Reducing proteinuria could be an important benefit, but it certainly does not outweigh the risk of increased rates of renal failure and death.
Atherosclerosis and acute coronary syndrome
The road to myocardial infarction begins with inflammation in the “shoulders” of atherosclerotic plaques, which subsequently rupture. Tissue ACE activity and expression of the angiotensin II type 1 receptor are significantly increased in patients with acute coronary syndrome and primarily co-localized to the shoulder regions of the plaque.10 Giving an ACE inhibitor or an ARB to patients who have unstable angina or who have had a myocardial infarction may decrease the rate of reinfarction and lessens the inflammatory process in the atherosclerotic plaque.

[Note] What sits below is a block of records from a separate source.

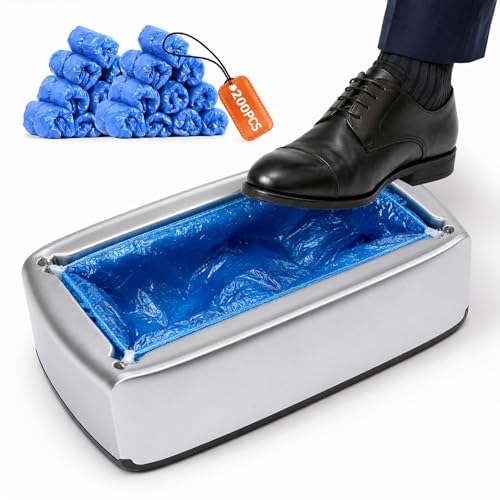Automatic Shoe Cover Dispenser with 200 PCS Disposable Boot Covers, Hands-Free Step-On Machine, No Electricity, Non-Slip & Reusable, Fits Most Sizes for Home Office Lab & Medical Use
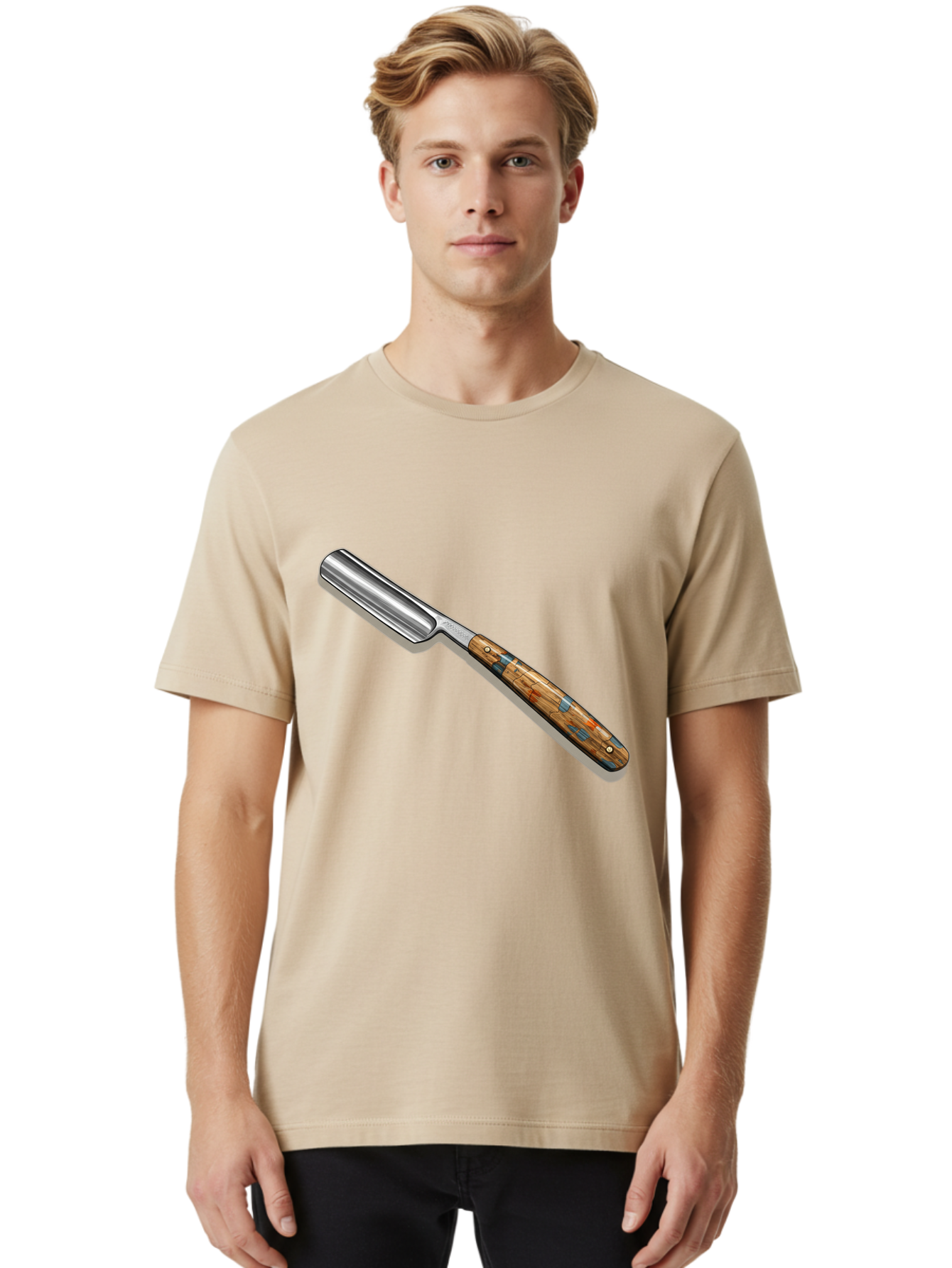 Razor Men'S Graphic Tee, 100% Cotton, Comfortable Casual Summer Wear, Machine Washable, Vintage Straight Razor, Sharp Blade, Wooden Handle, Traditional Shaving, Classic Grooming Tool, Men'S Grooming, Barber Shop Essentials, Close Shave Bad480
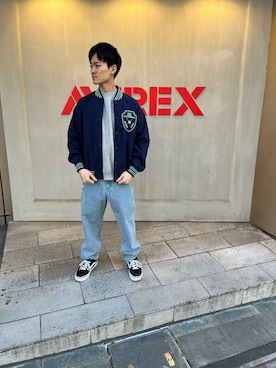 「AVIREX（アヴィレックス）のアイテム（スタジャン）」を使った、horibeさん（メンズ・169cm）の冬コーディネート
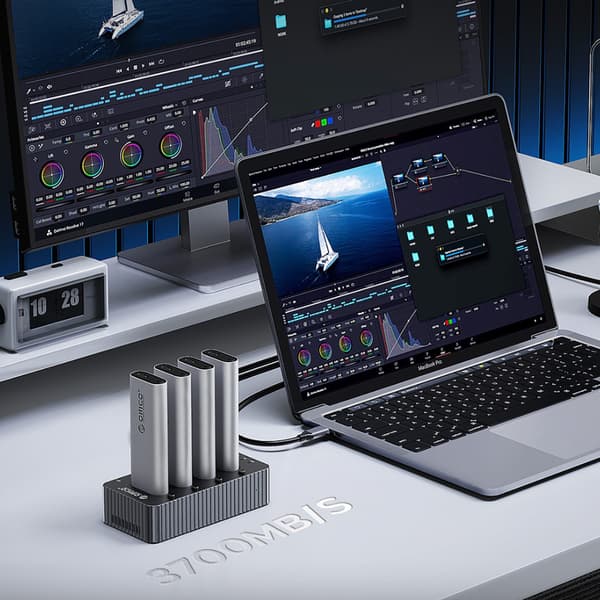 IT48N-C 4-diskars M.2 NVME klondockningsstation – grå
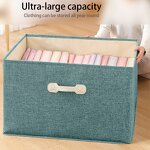 Collapsible Storage Bins Manufacturer - Modern Square Leather Handle Large Cotton Linen Fabric Organizer Containers Bedroom Foldable Kids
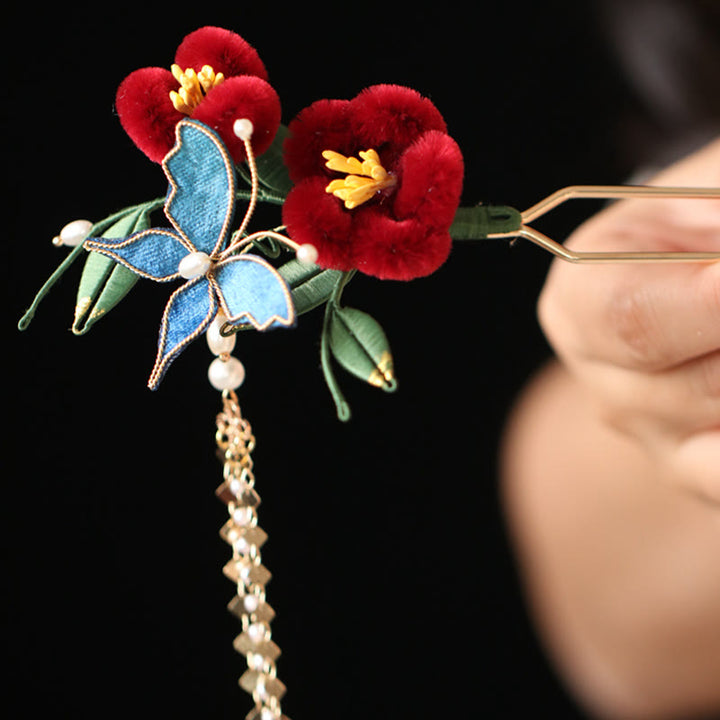 Buddha Stones Classical Chinese Style Red Flower Blue Butterfly Hairpin Hair Comb Barrette - image 4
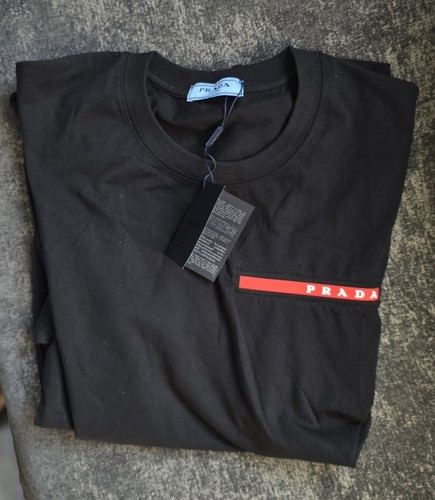 Mens PRADA Pique Red Logo Premium Cotton T -Shirt Size M Uk Fast Shipping** - Picture 2 of 9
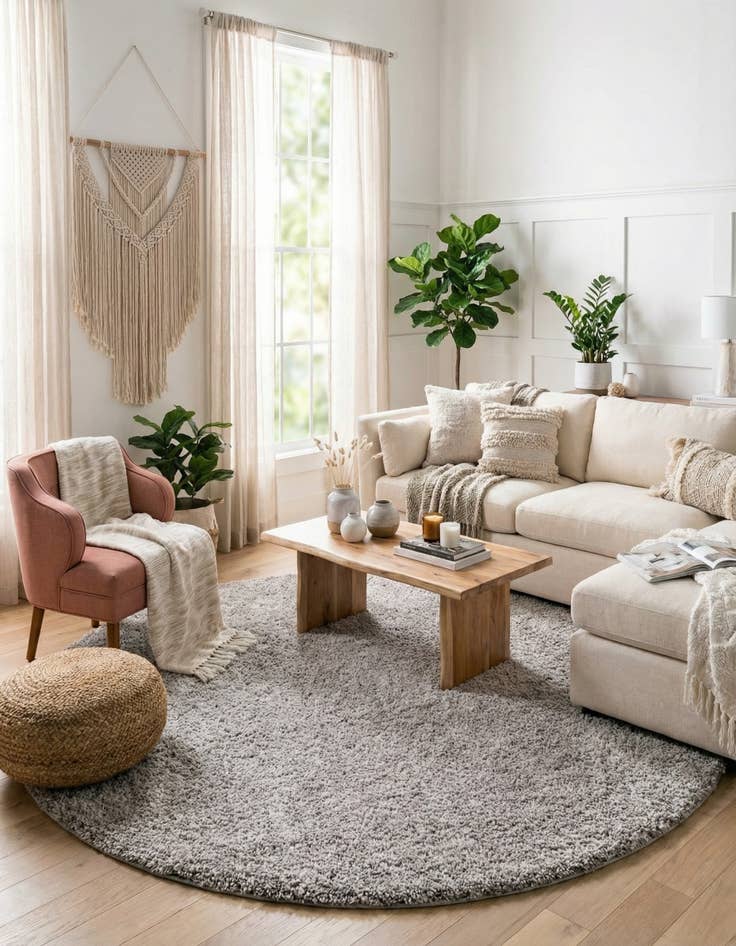 Detail image of 10' x 10' Jill Zarin Shaggy Chic Round Rug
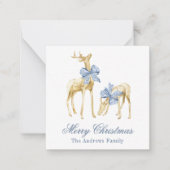 Carte De Correspondance Aquarelle Noël bleu Chinoiserie Bow Reindeer (Devant)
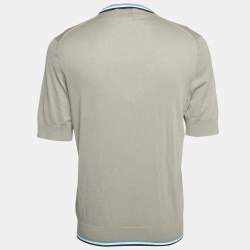 Pre Owned Hermes Grey Cotton Knit Stripe Detail Round Neck T-Shirt L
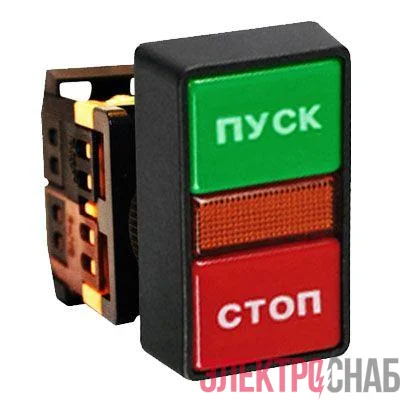 Кнопка AS-22N "Пуск-Стоп" прямоугольная 220В NO+NC EKF pbn-as-rec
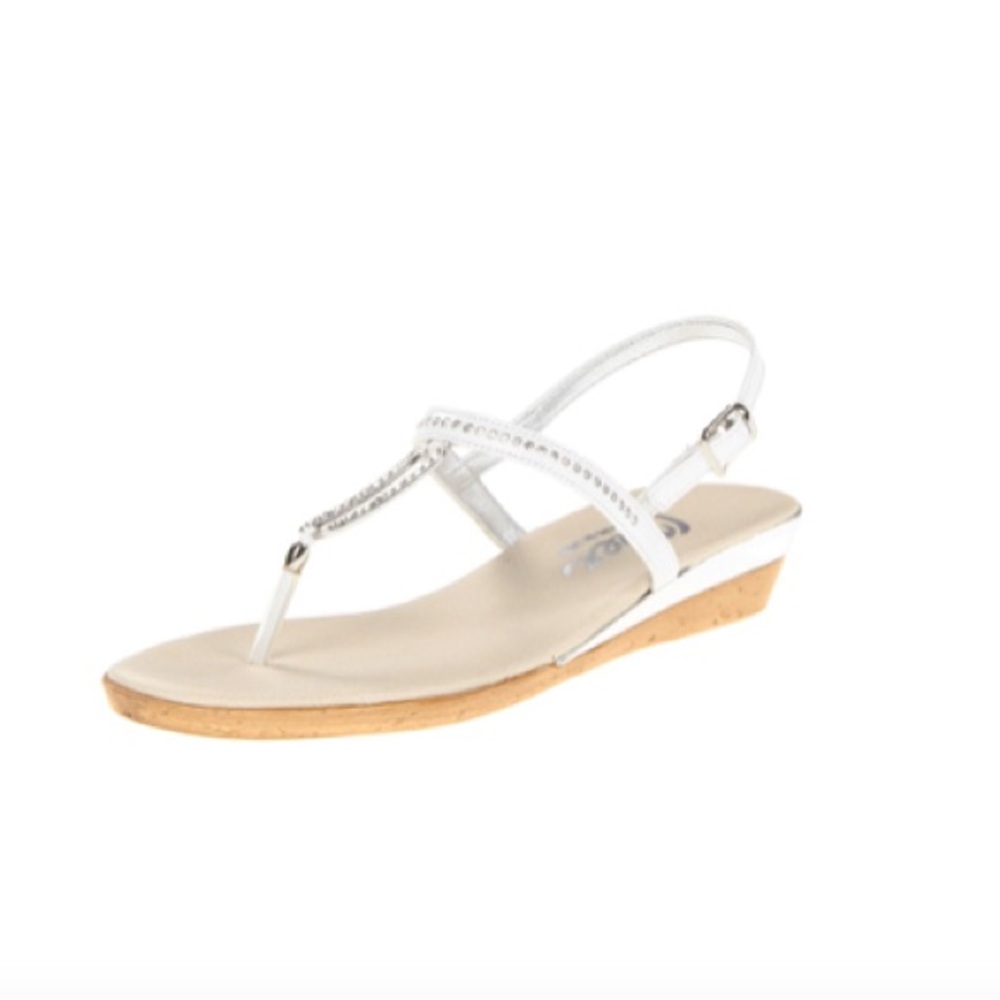 Onex‎ White Cabo Rhinestone T-Strap Slingback Wedge Sandals size 10 NEW
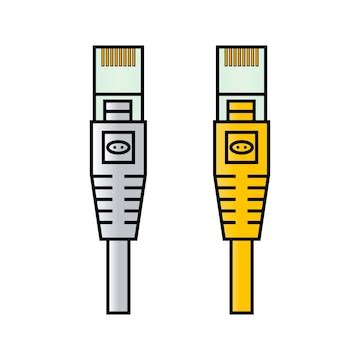 Ethernet cable vector icon design flat isolated illustration | Premium ...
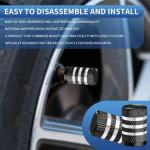 Metal Valve Stem Caps, 4 Piece Aluminum Alloy Wheel Car Tire Air Valve Caps Cover, Anti-Rust,Anti-Dirty,Waterproof (Black)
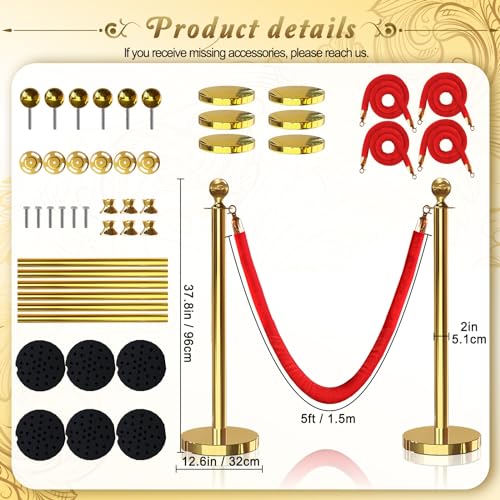 6PCS Gold Stanchions Posts with 4PCS 5 ft Red Velvet Rope, Red Velvet Rope Stanchion Set Crowd Control Barriers, Stanchions and Velvet Ropes Red Carpet Poles for Party Supplies - color: Gold, size: 6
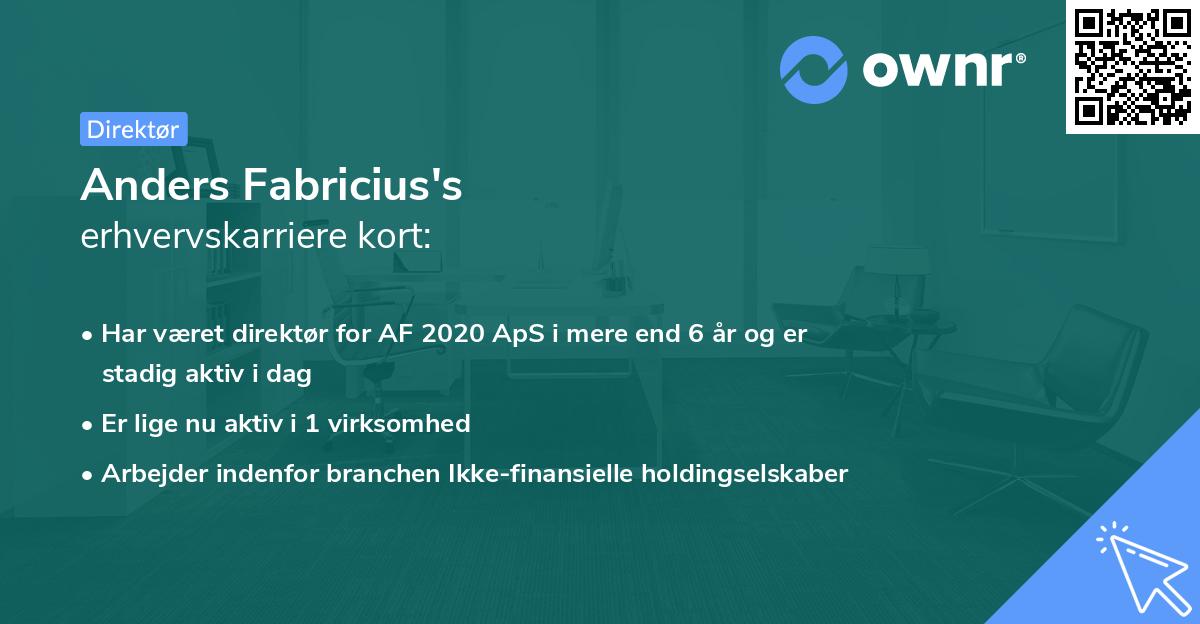 Anders Fabricius's erhvervskarriere kort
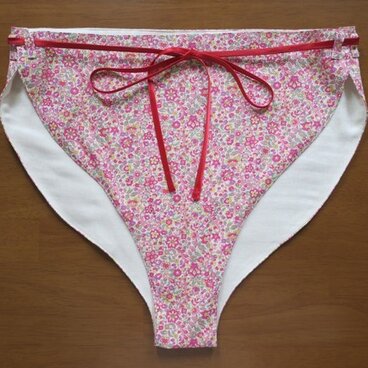 女神の和ぱんつ（ふんどしパンツ／深履き）濃いピンク×サテンの紐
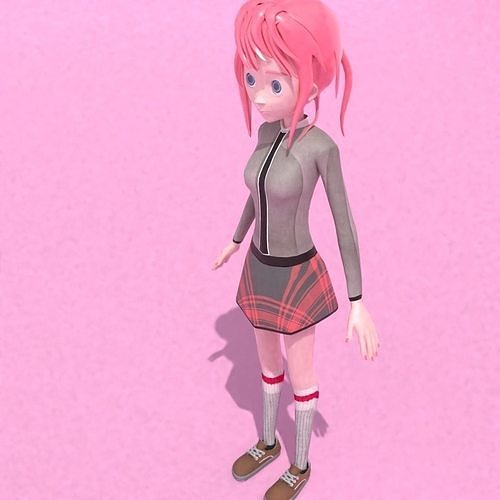 Anime Girl 3D Model  Low-poly 3D model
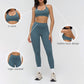 Halter-neck open-back sports bra + high-waisted leggings 2-piece set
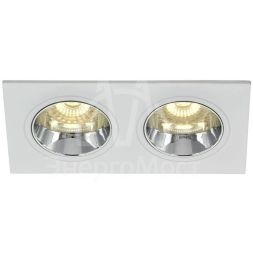 Светильник 4108 встраиваемый поворотный 2хGU10 бел./хром пласт. IEK LT-UVB0-4108-GU10-2-K23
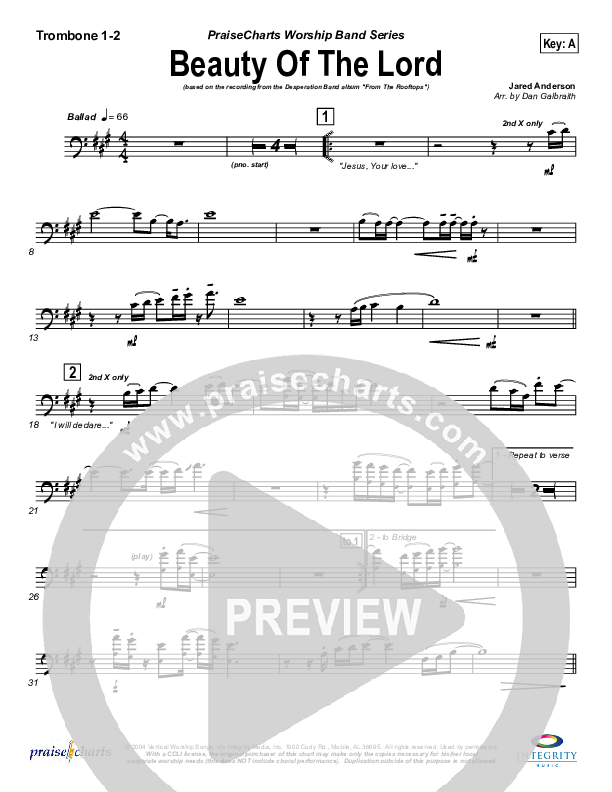 Beauty Of The Lord Trombone 1/2 (Desperation Band)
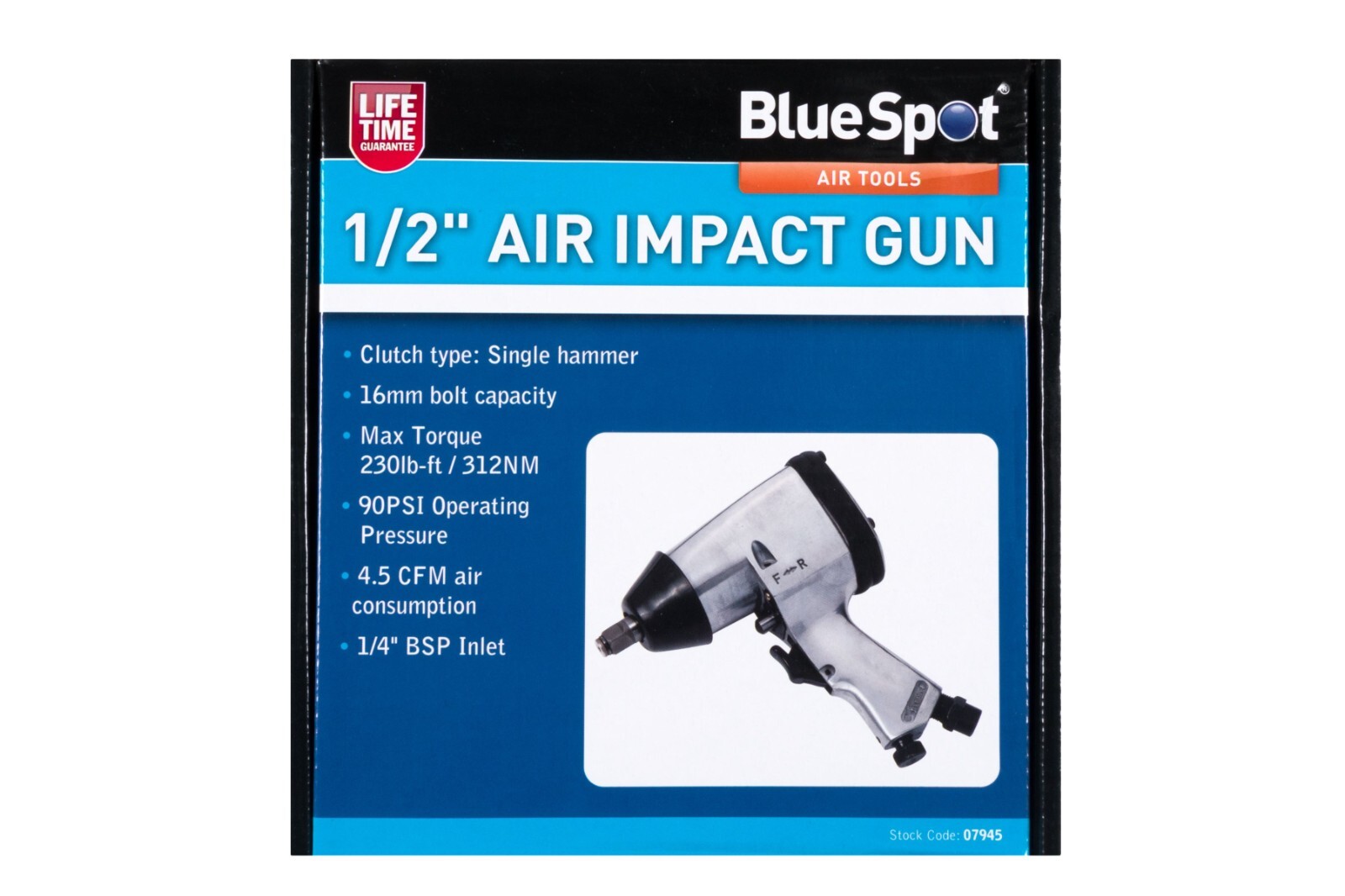 BlueSpot 1/2"" Drive Air Impact Wrench Gun 312NM 90PSI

Large randomized clinical trials such as HOPE (Heart Outcomes Prevention Evaluation)11 and EUROPA (European Trial on Reduction of Cardiac Events With Perindopril in Stable Coronary Artery Disease)12 showed a lower rate of cardiovascular death in patients with established coronary artery disease and normal left ventricular function if they received an ACE inhibitor. In the HOPE trial, the rate of cardiovascular death was 25% lower in patients treated with ramipril (Altace) vs placebo.11 (The year after HOPE was published, the number of prescriptions for ramipril went up 400%). Interestingly, studies of ARBs for secondary prevention failed to show any lowering of the rate of cardiovascular death or myocardial infarction.13
In ONTARGET,4 although the combination of telmisartan (Micardis) and ramipril had a greater effect on blood pressure, it was not significantly better than ramipril alone in terms of the primary outcome of death from cardiovascular causes, myocardial infarction, stroke, or hospitalization for heart failure (relative risk 0.99).
Heart failure
The bulk of data on dual RAS blockade in heart failure patients comes from three large randomized trials: CHARM-Added (Candesartan in Heart Failure: Assessment of Reduction in Mortality and Morbidity),14 VALIANT (Valsartan in Acute Myocardial Infarction Trial),15 and VAL-HeFT (Valsartan Heart Failure Trial).16
CHARM-Added14 was the only trial that showed a reduction in cardiovascular deaths with dual RAS therapy (absolute risk reduction 3.6%). It also showed a lower rate of hospitalization for heart failure (absolute risk reduction 4%). However, the rate of allcause mortality was not different between the groups. Of note, more patients receiving dual RAS blockade had to stop taking the study drug because of adverse effects.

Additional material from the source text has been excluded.